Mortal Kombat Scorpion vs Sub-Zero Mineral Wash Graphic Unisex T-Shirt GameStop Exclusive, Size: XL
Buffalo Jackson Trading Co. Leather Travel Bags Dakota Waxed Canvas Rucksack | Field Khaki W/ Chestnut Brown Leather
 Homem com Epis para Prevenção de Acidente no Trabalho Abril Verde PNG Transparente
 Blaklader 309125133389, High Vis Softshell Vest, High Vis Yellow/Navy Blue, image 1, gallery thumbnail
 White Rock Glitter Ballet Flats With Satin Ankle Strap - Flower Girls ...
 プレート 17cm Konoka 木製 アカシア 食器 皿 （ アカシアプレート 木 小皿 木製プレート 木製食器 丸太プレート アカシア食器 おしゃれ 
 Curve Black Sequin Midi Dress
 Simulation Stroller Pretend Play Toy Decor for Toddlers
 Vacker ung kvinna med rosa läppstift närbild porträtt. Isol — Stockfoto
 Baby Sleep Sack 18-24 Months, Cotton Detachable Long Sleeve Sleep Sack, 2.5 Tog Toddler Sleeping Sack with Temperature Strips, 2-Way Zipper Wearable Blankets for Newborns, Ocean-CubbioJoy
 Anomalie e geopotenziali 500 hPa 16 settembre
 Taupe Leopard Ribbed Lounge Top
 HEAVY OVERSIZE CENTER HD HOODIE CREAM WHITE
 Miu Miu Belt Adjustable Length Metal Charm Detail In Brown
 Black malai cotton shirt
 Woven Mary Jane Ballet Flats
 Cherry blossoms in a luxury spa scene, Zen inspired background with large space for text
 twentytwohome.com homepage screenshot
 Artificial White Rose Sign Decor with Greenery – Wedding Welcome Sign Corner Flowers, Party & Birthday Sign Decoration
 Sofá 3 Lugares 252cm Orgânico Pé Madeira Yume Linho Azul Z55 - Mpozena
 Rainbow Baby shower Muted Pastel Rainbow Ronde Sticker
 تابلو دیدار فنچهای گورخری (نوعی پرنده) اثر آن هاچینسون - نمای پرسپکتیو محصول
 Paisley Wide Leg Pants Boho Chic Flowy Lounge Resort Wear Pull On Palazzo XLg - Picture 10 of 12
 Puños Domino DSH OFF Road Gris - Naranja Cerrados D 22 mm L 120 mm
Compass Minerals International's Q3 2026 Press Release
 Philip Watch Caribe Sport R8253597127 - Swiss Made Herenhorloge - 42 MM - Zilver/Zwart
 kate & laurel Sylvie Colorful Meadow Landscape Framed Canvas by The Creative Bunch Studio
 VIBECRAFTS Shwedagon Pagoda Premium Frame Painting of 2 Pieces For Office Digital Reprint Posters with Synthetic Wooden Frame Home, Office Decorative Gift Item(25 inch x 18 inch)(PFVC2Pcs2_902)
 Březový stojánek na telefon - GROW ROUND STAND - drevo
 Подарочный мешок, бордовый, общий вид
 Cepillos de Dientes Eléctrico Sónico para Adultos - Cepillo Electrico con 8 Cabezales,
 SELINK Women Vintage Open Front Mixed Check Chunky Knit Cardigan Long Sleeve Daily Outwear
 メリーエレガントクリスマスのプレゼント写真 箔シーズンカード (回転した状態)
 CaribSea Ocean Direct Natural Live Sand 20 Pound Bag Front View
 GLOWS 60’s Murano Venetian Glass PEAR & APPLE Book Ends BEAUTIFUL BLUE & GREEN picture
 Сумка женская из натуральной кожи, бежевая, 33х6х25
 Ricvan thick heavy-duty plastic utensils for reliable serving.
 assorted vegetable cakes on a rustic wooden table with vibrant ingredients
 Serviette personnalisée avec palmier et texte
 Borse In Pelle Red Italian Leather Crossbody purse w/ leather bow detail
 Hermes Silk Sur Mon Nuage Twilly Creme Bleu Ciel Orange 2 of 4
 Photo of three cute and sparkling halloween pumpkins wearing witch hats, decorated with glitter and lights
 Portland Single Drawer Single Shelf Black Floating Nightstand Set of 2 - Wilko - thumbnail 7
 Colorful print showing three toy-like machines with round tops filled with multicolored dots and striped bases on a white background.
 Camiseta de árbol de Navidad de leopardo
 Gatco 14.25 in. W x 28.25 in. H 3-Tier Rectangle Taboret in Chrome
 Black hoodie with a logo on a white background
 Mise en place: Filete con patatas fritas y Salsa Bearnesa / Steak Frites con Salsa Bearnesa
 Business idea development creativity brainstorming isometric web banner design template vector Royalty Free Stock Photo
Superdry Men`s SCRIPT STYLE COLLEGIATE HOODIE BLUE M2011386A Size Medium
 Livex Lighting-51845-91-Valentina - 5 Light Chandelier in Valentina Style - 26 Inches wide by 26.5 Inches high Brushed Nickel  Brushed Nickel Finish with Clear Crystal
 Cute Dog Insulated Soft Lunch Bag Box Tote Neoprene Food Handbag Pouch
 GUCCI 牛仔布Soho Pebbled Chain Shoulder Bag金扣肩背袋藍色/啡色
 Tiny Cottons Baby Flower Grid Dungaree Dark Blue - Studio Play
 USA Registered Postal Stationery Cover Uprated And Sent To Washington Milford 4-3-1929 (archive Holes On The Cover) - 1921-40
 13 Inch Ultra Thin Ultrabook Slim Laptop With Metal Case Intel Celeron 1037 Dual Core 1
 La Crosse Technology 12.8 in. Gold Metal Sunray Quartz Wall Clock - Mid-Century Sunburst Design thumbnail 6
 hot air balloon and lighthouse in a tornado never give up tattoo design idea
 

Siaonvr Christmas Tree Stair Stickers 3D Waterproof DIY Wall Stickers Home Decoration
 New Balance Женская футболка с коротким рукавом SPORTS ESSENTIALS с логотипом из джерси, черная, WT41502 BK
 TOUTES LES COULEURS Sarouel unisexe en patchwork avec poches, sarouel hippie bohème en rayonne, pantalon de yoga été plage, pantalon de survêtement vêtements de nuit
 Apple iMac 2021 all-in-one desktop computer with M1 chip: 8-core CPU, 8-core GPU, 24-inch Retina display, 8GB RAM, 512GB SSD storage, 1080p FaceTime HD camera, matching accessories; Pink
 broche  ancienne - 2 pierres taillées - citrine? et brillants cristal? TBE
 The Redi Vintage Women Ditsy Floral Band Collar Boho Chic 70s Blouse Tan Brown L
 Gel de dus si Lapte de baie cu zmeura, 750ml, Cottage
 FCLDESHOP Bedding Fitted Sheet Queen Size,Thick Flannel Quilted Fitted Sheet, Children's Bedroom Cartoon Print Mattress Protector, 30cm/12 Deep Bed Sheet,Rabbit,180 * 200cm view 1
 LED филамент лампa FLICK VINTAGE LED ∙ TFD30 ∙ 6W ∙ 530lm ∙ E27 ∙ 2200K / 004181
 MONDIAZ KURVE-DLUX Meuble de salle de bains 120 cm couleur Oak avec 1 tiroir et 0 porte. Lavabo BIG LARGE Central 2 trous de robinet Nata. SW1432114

......

**TASK DESCRIPTION:**
Return a word-for-word copy of the lines above from the one holding "Curve Black Sequin Midi Dress" through the one holding "Miu Miu Belt", with both of them included and nothing besides.

**SOLUTION TO THIS EXERCISE:**
 Curve Black Sequin Midi Dress
 Simulation Stroller Pretend Play Toy Decor for Toddlers
 Vacker ung kvinna med rosa läppstift närbild porträtt. Isol — Stockfoto
 Baby Sleep Sack 18-24 Months, Cotton Detachable Long Sleeve Sleep Sack, 2.5 Tog Toddler Sleeping Sack with Temperature Strips, 2-Way Zipper Wearable Blankets for Newborns, Ocean-CubbioJoy
 Anomalie e geopotenziali 500 hPa 16 settembre
 Taupe Leopard Ribbed Lounge Top
 HEAVY OVERSIZE CENTER HD HOODIE CREAM WHITE
 Miu Miu Belt Adjustable Length Metal Charm Detail In Brown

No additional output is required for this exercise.